The Canadian psychiatrist says "there is no clear evidence that the prevalence of mental disorders has changed dramatically in the last decade or so" -- with the exception of alcohol abuse.
"It's impossible to characterize the mental health of a nation, particularly on the size and diversity of China. My large study with 60,000+ subjects in four provinces found rates of mental illnesses similar to that reported in Europe and North America," he said.
Shortage of counselors
Still, the China numbers are staggering.
In 2009, according to the Ministry of Health's Center for Statistics Information, psychiatric patients in China totaled nearly 19 million. Yet, there is an acute shortage of medical caregivers. Only 88,117 health personnel were available to provide professional care in 637 psychiatric hospitals.
The picture looks alarming from Li Sikun's viewpoint. A psychiatric counselor, she says her privately-run counseling center in Beijing helps urbanites and white-collar workers who mostly suffer from depression and anxiety. "The overheated economic development has made people obsessed with material things at the expense of inner balance," she says. "The world is changing too fast, and people are losing their bearing. It's the same experience many developed countries have been through."
Other observers see a darker picture.
"Some recent headlines from the past year indicate that untreated mental illness may be becoming a more acute problem in China," writes Wan Yanhai, a medical doctor and health advocate for HIV/Aids prevention in China. In an essay published last January in Foreign Policy, Wan cited last year's grisly attacks on schoolchildren and the suicides of several young workers at a sprawling Foxconn factory assembling iPhones in southern China.
"Even as many people who need medical attention are unable to receive help--either because it is too costly or because of the great social stigma attached," he writes, "there are others who are healthy but are labeled 'mentally ill' by authorities seeking a reason to detain them in mental-health hospitals."
"I have seen people sent to mental hospitals for being gay, for domestic disputes and for political dissent," he writes. "Many whose lives could be improved will never receive medical attention, and many who don't need it are held in confinement in the name of medicine."
Others credit the government for putting new priority on mental health. Along with diabetes and hypertension, Dr. Phillips notes, mental illness is now one of the main targets of a health reform program initiated in 2009.
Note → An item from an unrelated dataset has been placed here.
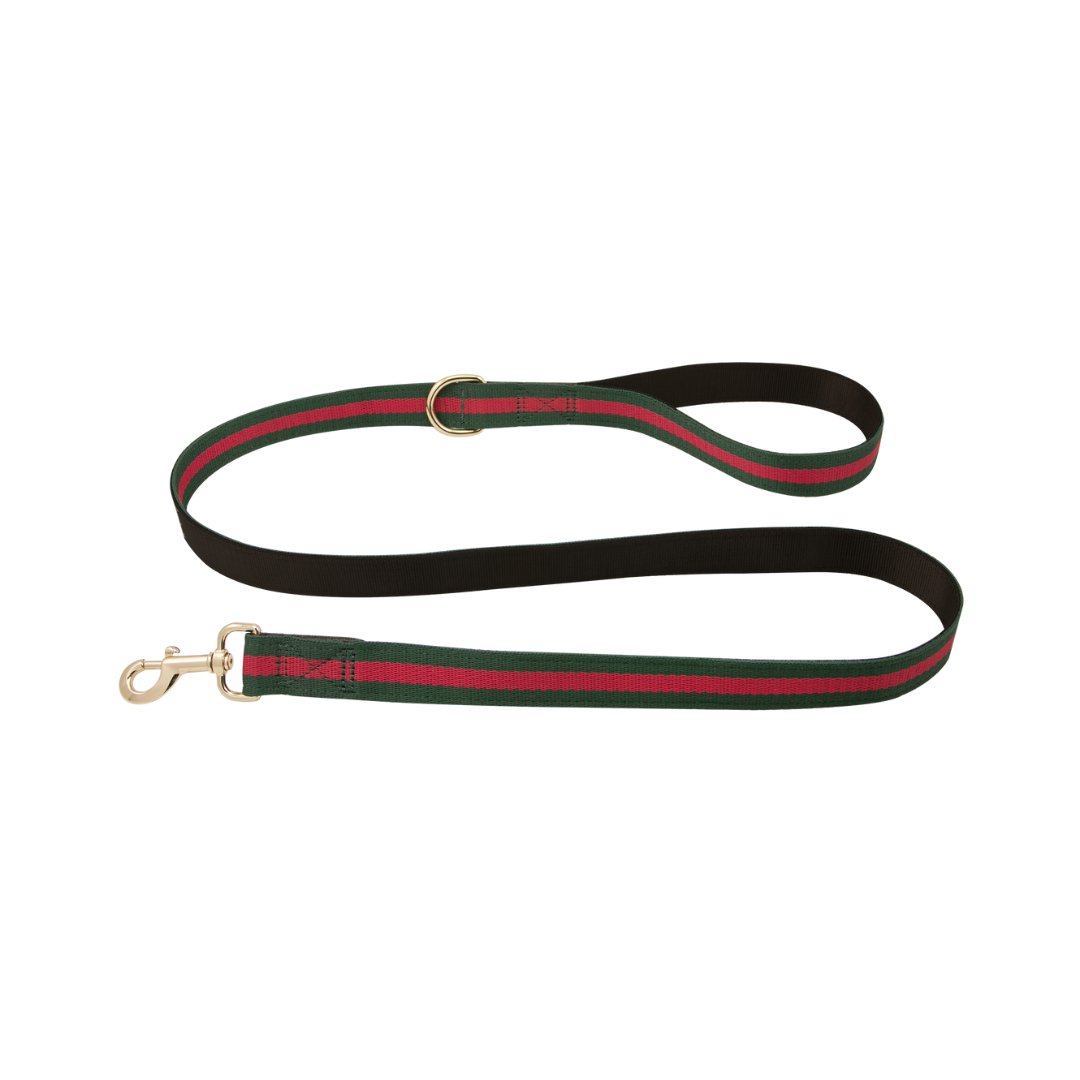 DGG Poochi Designer Dog Lead - My Pooch and Me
"This is an indication of the level of awareness of the problem at the political level," Dr. Phillips says. The government wants to develop community-based services for the recognition and treatment of mental illnesses."
The government has allocated money, but it has yet to build a network of community-based mental health providers. "Given that currently only about 8% of persons with mental illnesses ever seek help, one main goal of prevention efforts is to increase care-seeking; that is, changing attitudes about mental illnesses, so sufferers and their family members are willing to seek help."
Until recently, mental illness is a taboo topic in China.
Cui Yongyuan, 48, was a popular talk show host on CCTV, well liked for his natural, relaxed style, quite unlike the stiff style of other TV personalities. But for some time Cui stopped his show. "I had suffered depression, a serious case of depression," Cui said in an interview with CCTV in 2005. "I hope everyone will realize there is such an illness. If you have a friend around who has this illness, I hope you will not look down on him. Instead encourage him to see the doctor, who can then help solve the problem."
Cui is back on air, hosting a revamped talk show on national television called "Talked to Little Cui."